# He lives!!!!



## Surf Hunter (Sep 28, 2006)

And didn't forget how to turn.

Made these for our upcoming trip to La Paz Mexico. Last yer we caught dorado, tuna and even raised a striped marlin on them. Hope to catch that marlin this year. 
The head is turned from IPE (very heavy and dense) with about an ounce of lead in them. Shannon tied and epoxied the feathers.


----------



## bill (May 21, 2004)

Good stuff..don't forget the fish pics


----------



## Surf Hunter (Sep 28, 2006)

bill said:


> Good stuff..don't forget the fish pics


Will do, I still have to make a couple more. August is coming up really really fast.


----------



## Flat Fish (Jun 18, 2005)

Those are great. It's making me hungry just looking at them.


----------



## lady linda (Nov 25, 2008)

Wow great !LL


----------



## Viking48 (Jan 24, 2006)

Nice work - don't see how any fish could refuse those.


----------



## Robert A. (Jan 8, 2009)

Great work there Surf!!! Hope all is well for you and yours!! Great to see you post up again!!!


----------



## Tortuga (May 21, 2004)

Beautiful work, Tom.. No expert on offshore stuff no more, but willing to bet they will get the job done...Great work on the feathers....


----------



## Surf Hunter (Sep 28, 2006)

Thanks all. It felt good to be back in the shop. It has been a long while. Shannon and I bought kayaks to fish from this year and have spent so much time rigging those up and hitting the water, the poor shop got neglected.
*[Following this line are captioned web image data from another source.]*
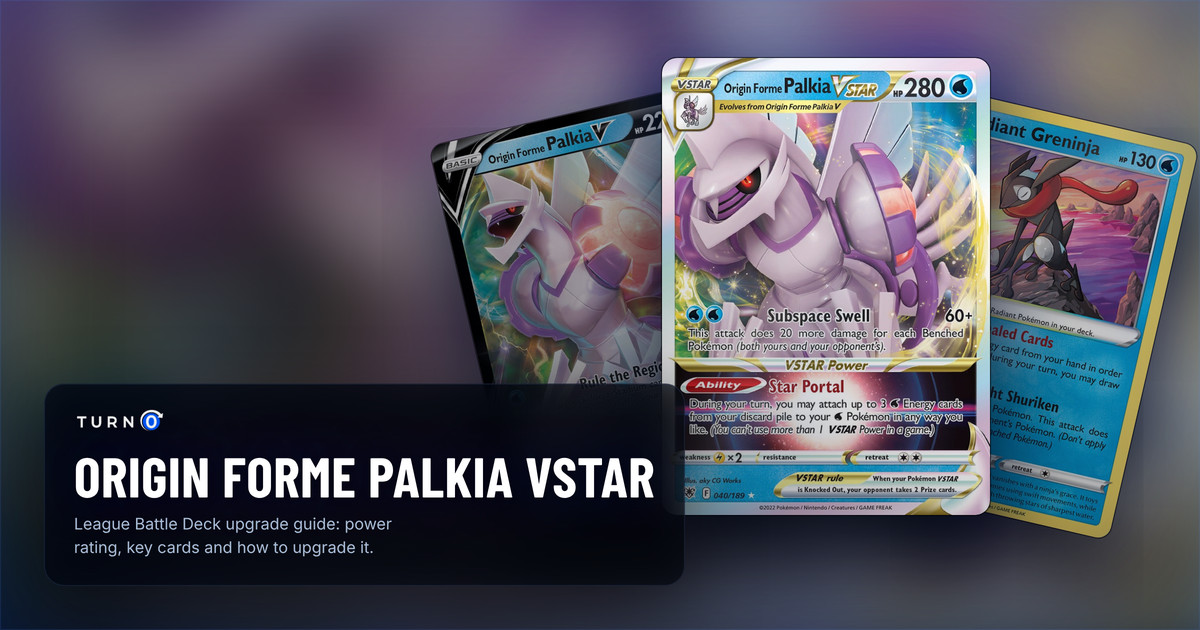 Three cards from the Origin Forme Palkia VSTAR League Battle Deck fanned out: Origin Forme Palkia V, Radiant Greninja, and Origin Forme Palkia VSTAR in front.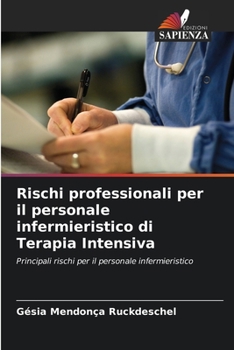 Rischi professionali per il personale infermieristico di Terapia Intensiva: Principali rischi per il personale infermieristico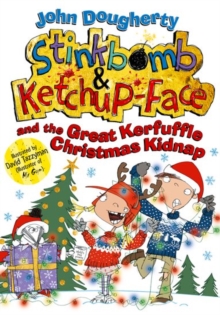 STINKBOMB AND KETCHUP-FACE AND THE GREAT KERFUFFLE CHRISTMAS KIDNAP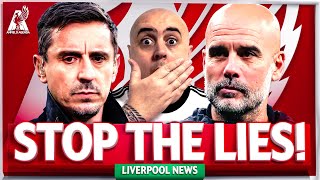 LIVERPOOL ANGRY AT NEVILLES LIES  MAN CITY FACE POTENTIAL CLAIMS FOR MILLIONS Liverpool FC News [upl. by Flann]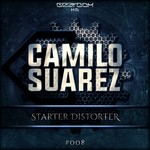 cover: Camilo Suarez - Starter Distorter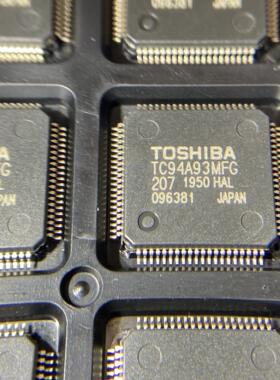 TC94A93MFG-207 TOSHIBA东芝现货 全新原装 一个起拍 QFP80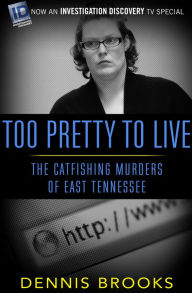 Title: Too Pretty to Live: The Catfishing Murders of East Tennessee, Author: Dennis Brooks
Got a few more things in the works now ut not sure when I can finish them as we are in a race to get more of these trollers done before our Mexico trip. 

Thanks again and great to have something to post again as well.

Tom


----------



## EndTuition (May 24, 2004)

Nice to have you back !
Awesome jigs ! I have caught a lot of fish on jigs like that, but I suspect those are a bit larger than the ones I use.

How long are they ?


----------



## Surf Hunter (Sep 28, 2006)

EndTuition said:


> Nice to have you back !
> Awesome jigs ! I have caught a lot of fish on jigs like that, but I suspect those are a bit larger than the ones I use.
> 
> How long are they ?


They are about 8.5" total length. Not huge, but not small either. I anted something just a bit bigger to try to weed out bites from bonito or skipjack tuna.


----------



## Slip (Jul 25, 2006)

Glad to see you back and posting again Surf! Those look nice. Hope they bring in some nice fish to make this worthwhile.


----------



## Surf Hunter (Sep 28, 2006)

Just finished the Dorado killers, this color (white with a little bit of pink) was killer last year. Man, only 11 days and we will be on the Sea of Cortez fishing these guys! :slimer:









Our makers mark that Shannon did especially for this trip.


----------